Benito balbutia quelques explications incohérentes avant de se réfugier dans un silence hautain. Un reporter, qui enquêtait sur l'affaire du Morning Star et suivait son procès pour un journal de l'époque, prétendit que le forban se déguisait pour perpétrer ses forfaits: «Puis il retrouvait son identité jusqu'à ce qu'une nouvelle opportunité se présente à lui. Devant cette énigme, ajoutait-il, la police et l'opinion se sont perdues en conjectures.» Peu de temps avant son arrestation, l'accusé s'était installé dans une auberge de Londres et menait grand train sans s'inquiéter de la rumeur qu'il attisait par ses débordements, comme s'il cherchait à attirer l'attention. Comme par provocation. Quand on lui demandait d'où venait l'argent qu'il dilapidait ainsi, il répondait qu'il avait fait fortune dans les Amériques et qu'il ne tarderait pas à repartir…
Ce jour de novembre 1827 où le dénommé Benito s'engagea sur le Defensor, la petite goélette espagnole de quatre-vingt-dix tonneaux n'était qu'un modeste négrier partant pour l'Afrique occidentale. A cette époque, le trafic de «bois d'ébène» était encore légal en Espagne ainsi qu'au Portugal, et se pratiquait à très vaste échelle dans tout le Nouveau Monde en dépit des mouvements abolitionnistes et des lois qui, depuis 1815, contrôlaient ce trafic dans la plupart des grandes puissances européennes. Le chargement de cette précieuse cargaison d'esclaves s'effectuait sur des territoires assignés par conventions, et les prix variaient dans les limites fixées entre les armateurs et les colons qui les pourvoyaient.
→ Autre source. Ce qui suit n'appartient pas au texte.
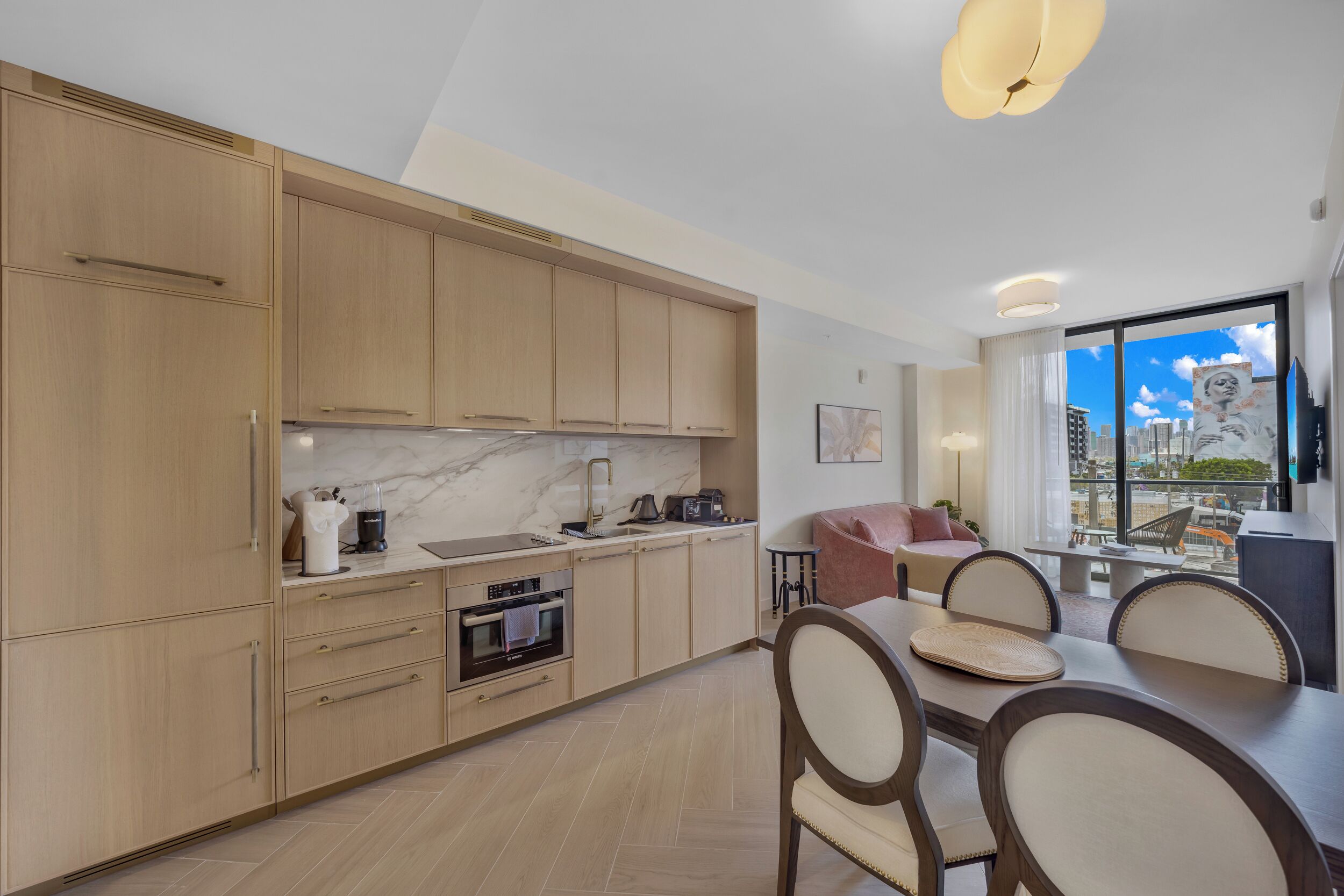 A modern kitchen with wooden cabinets, a marble backsplash, and a dining area with a table and chairs.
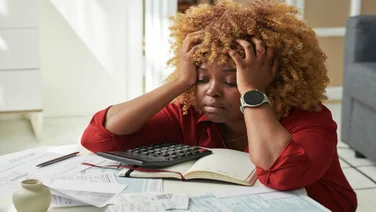 Business debt stressed out looking business owner frets over bills
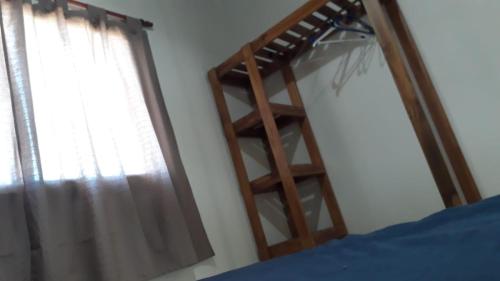 سرير أو أسرّة في غرفة في Rincón Joven II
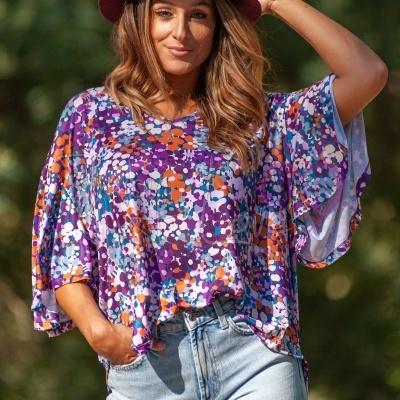 top floral colorido roxo e laranja com mangas largas e jeans claro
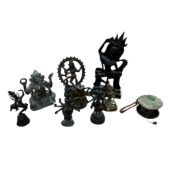 A group of Tibetan style bronze, brass and composition figures of deities, largest 29cm high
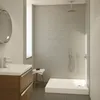 A modern bathroom with a shower tray, vanity, and sink. Produktbild-Vorschau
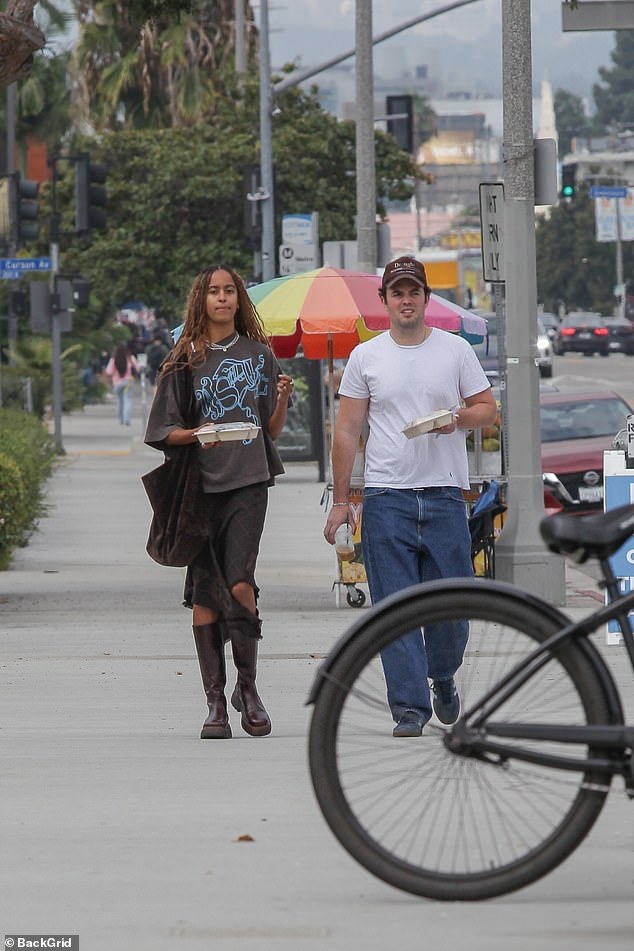 The pair were seen walking outside with containers of their leftovers in their hands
Le capitaine portugais don Pedro de Suza Sarmiento quitta donc Buenos Aires pour une nouvelle traversée de l'Atlantique à bord du vieux Defensor, dont les voyages réguliers avaient rendu sa silhouette familière à beaucoup de marins. Destination: la Guinée. Cette fois-ci, pour compléter son équipage et diminuer ainsi les frais d'exploitation de son négoce, il avait enrôlé une quinzaine d'anciens pirates cubains dont les mines patibulaires eussent effrayé plus d'un officier de commerce. Dans la touffeur de la cale, que la claire-voie du panneau de pont ventilait à peine, des dizaines de caisses remplies de pacotille attendaient d'être échangées, sous haute surveillance, contre de jeunes esclaves que les guerres tribales fournissaient aux marchés d'Amérique du Sud à flots continus. Pour quelques décennies encore et les précieux bénéfices d'un nombre croissant d'actionnaires. Pour ceux qui trafiquaient de la sorte et qui faisaient fortune sur le dos d'une partie de l'humanité, l'étalon de valeurs, écrira Théodore Canot en 1854, c'était un homme dans la force de l'âge et qui tenait lieu de lettre de change, un bien facilement négociable partout dans le monde. Et l'ancien trafiquant de conclure: «Voilà pourquoi le génie financier de l'Afrique, au lieu de choisir les billets de banque et les métaux précieux pour agents monétaires, avait décidé que la créature humaine était encore ce qu'il y avait de plus précieux...» Le voyage, qui dura plusieurs semaines, se passa sans histoires; mais tout laisse à penser que les événements qui allaient se dérouler sur la côte africaine avaient été mûrement réfléchis et préparés par les mutins du Defensor au cours de sa traversée. Tout pirate qu'il était, le commandant de Suza allait avoir affaire à des forbans rompus depuis longtemps à toutes les illégalités.